[Saved data entries]
================
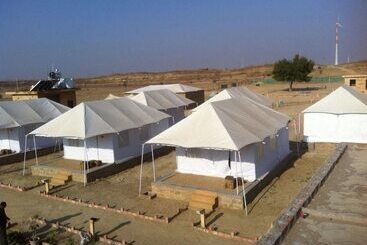 هتل Savi Camps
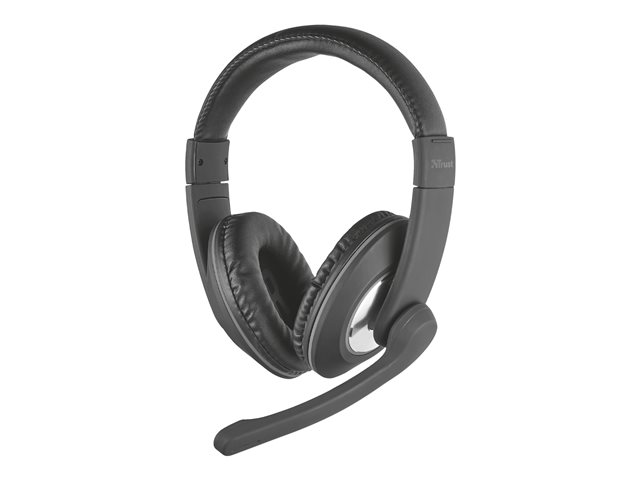 Trust Reno - headset - 3.5 mm jack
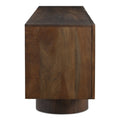 MOES HADLEY MEDIA UNITS - Cabinets & Bar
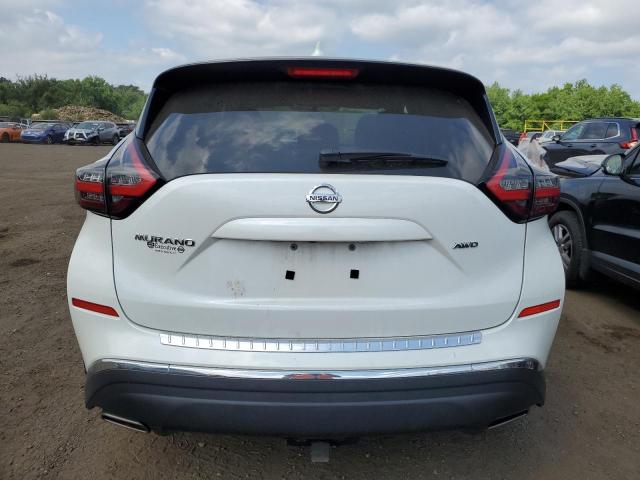 Photo 5 VIN: 5N1AZ2MS6KN101854 - NISSAN MURANO S 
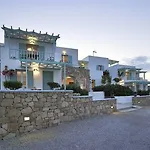 Asterias Boutique Aparthotel 3*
================
* [THE TASK] Write out, word for word, only the lines from the one containing "MOES HADLEY MEDIA UNITS - Cabinets & Bar" to the end of the data above; the pictures stay out.

* [PROBLEM SOLUTION]
 MOES HADLEY MEDIA UNITS - Cabinets & Bar
 Photo 5 VIN: 5N1AZ2MS6KN101854 - NISSAN MURANO S 
 Asterias Boutique Aparthotel 3*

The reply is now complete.